# WORK TO BE COMPLETED
Since the records include pictures, leave those out while you reproduce exactly and only the lines from the one containing "Long Patch Pocket Sweater Cardigan Coat" through the one containing "Art Museum Gallery", inclusive.
*** Opening of ENTRIES SUPPLIED ***
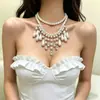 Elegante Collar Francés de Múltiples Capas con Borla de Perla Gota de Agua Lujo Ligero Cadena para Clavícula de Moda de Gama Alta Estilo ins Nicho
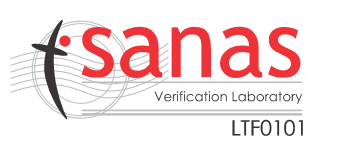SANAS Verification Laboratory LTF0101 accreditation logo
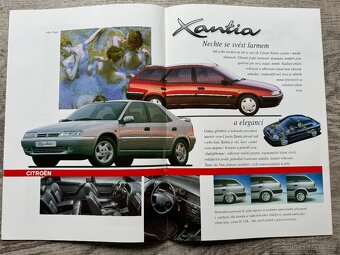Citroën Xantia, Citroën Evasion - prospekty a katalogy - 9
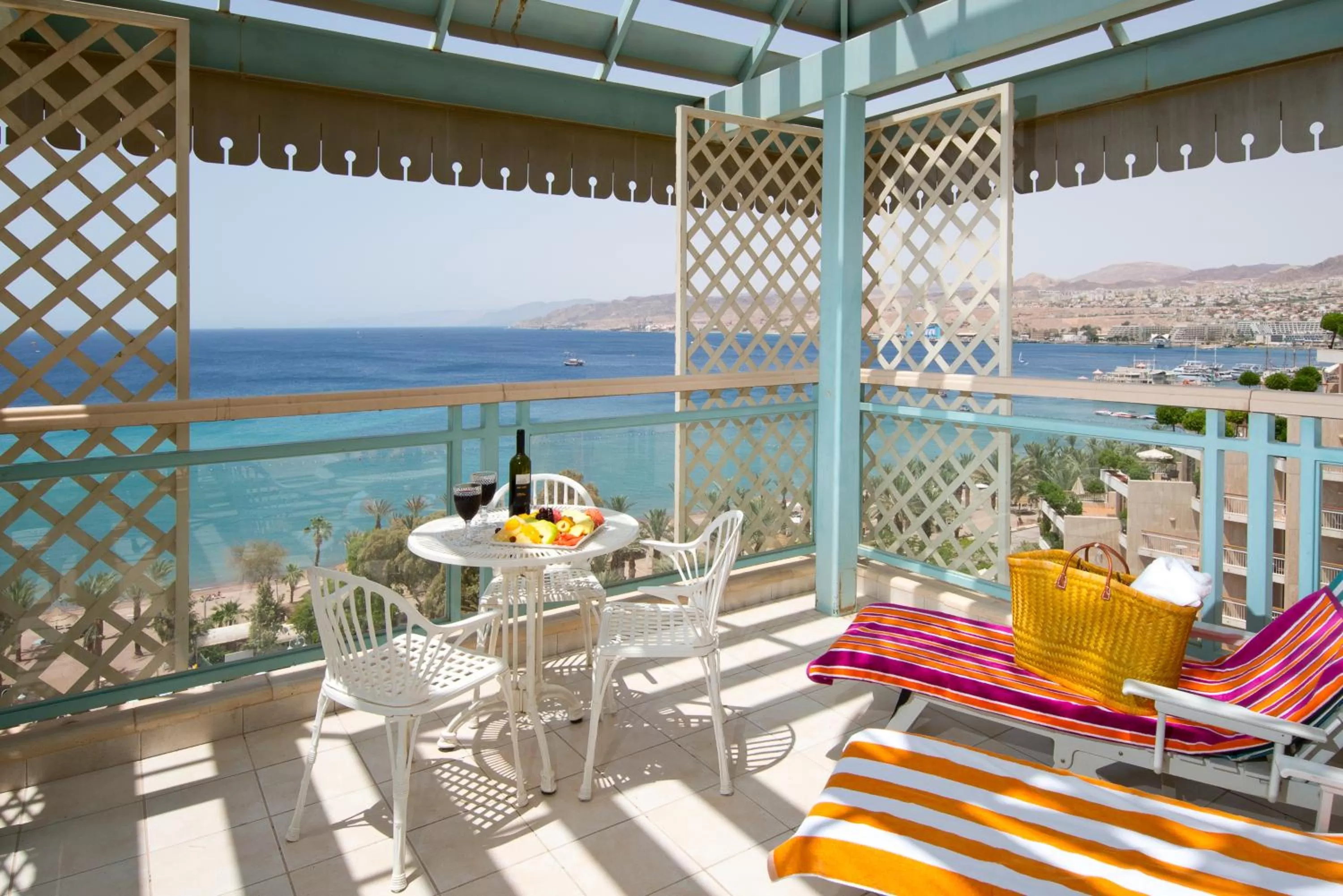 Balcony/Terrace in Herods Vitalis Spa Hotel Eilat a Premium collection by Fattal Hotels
*** Close of ENTRIES SUPPLIED ***
*** Opening of ENTRIES SUPPLIED ***
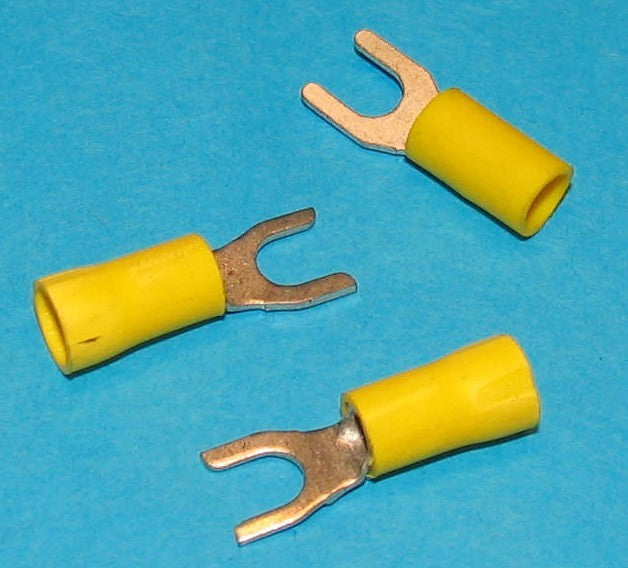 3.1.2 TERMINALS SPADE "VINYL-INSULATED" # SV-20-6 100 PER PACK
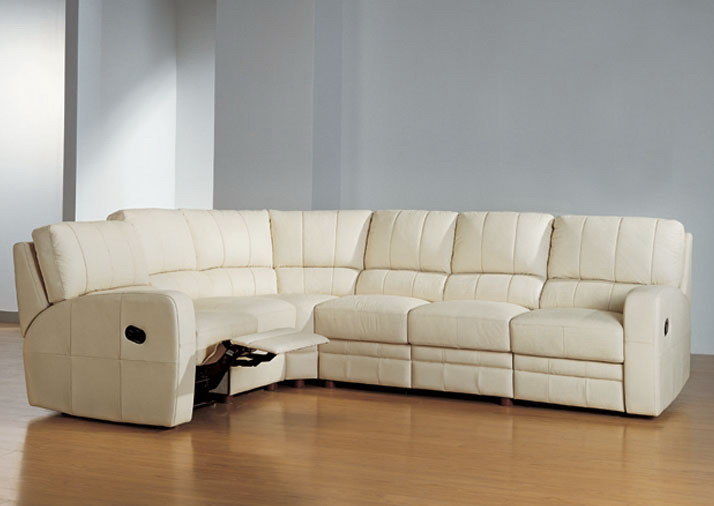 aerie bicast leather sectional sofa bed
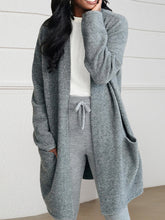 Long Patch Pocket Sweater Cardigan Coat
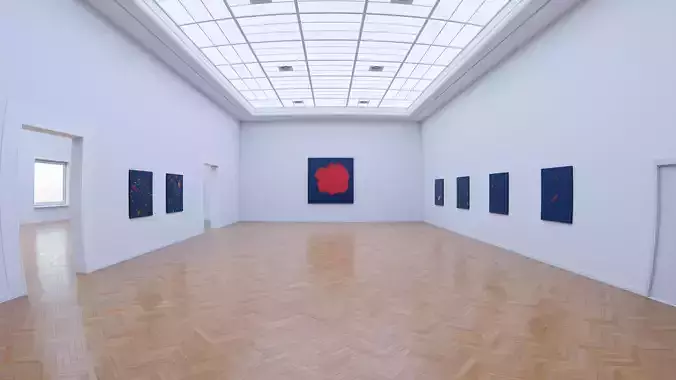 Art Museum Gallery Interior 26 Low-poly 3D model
*** Close of ENTRIES SUPPLIED ***
*** Opening of ENTRIES SUPPLIED ***
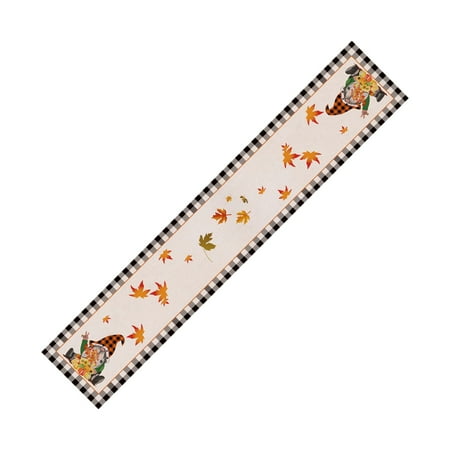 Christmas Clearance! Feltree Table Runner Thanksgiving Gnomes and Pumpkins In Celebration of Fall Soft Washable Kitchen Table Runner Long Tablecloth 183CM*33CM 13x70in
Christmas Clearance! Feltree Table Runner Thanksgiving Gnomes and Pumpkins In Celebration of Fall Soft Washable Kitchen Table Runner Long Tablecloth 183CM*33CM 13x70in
*** Close of ENTRIES SUPPLIED ***
# SOLUTION BELOW
 Long Patch Pocket Sweater Cardigan Coat
 Art Museum Gallery Interior 26 Low-poly 3D model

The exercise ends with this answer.